One way to track North Central Washington’s boating industry is to follow the wake of the Boating Club of Wenatchee.
Through more than five decades of water activities, the nonprofit group has tacked full circle from its sailboat origins on the Columbia River to encompass utility fishing boats, mid-sized yachts and, later, super-sleek ski boats. Now, it’s slowly returning to gentler times with a growing number of members owning sail and pontoon boats geared for family fun.
“It’s a generational cycle that depends on our members’ ages, their kids and grandkids, their stations in life and many other factors,” said Steve Hanson, the club’s commodore or chief officer. He’s been a member of the club for 33 years and served four times as commodore.
“Watching the trends come and go — well, it’s fun,” he said. “If you love boats, this is the place to be.”
The 75-member club (yes, there’s a waiting list) got its start 55 years ago with a Bureau of Reclamation charter to establish a social and boating organization on the rising waters of Lake Entiat behind Rocky Reach Dam.
Since then, said Hanson, hundreds of boating enthusiasts have grabbed annual memberships to enjoy the club’s 46-slip marina, 45 RV campsites, boat launch and clubhouse amenities that include a playground, swimming dock, barbecue and bonfire areas. A large public room provides a fireplace, sofas, dance floor, kitchen and dining area for social gatherings that include the annual Commodore’s Ball in May, Fourth of July cookouts and other events.
Maintenance of the facility is all done by volunteers from membership rolls, said club member Greg Cackler, who last month joined with Hanson to fix the group’s entry gate. “We mow, we paint, we hammer — we get this gate working again,” he laughed.
Recently, the club spent more than $25,000 in dock and marina upgrades, with most materials — including decking and floats — bought locally, said Cackler.
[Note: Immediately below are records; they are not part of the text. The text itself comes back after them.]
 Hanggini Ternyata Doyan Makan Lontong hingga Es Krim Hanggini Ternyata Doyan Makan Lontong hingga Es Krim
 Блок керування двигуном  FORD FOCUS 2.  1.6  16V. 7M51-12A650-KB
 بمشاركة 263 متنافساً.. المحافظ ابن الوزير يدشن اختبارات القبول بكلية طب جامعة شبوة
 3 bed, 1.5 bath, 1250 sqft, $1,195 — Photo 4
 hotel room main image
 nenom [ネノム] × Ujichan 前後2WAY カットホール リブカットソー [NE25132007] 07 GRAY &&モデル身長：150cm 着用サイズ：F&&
Members take their boat trailers and RVs to local dealers for ongoing maintenance. And new boats, new RVs and
“I don’t often think of what we do in economic terms,” said Hanson. “But when you look at it more closely, yes, we do contribute a lot to the recreational economy around here.”
He mused, “Heck, when fuel is $4 a gallon, we’ve got to be contributing to somebody’s economy.”
In recent years, the club’s membership has also leaned towards more family-oriented activities, said Hanson.
“We got more members with kids who bring more activity to the place,” he said. “It’s the ongoing evolution of the club — and maybe the evolution of boating here, too — that a new generation brings new ideas and new energy.”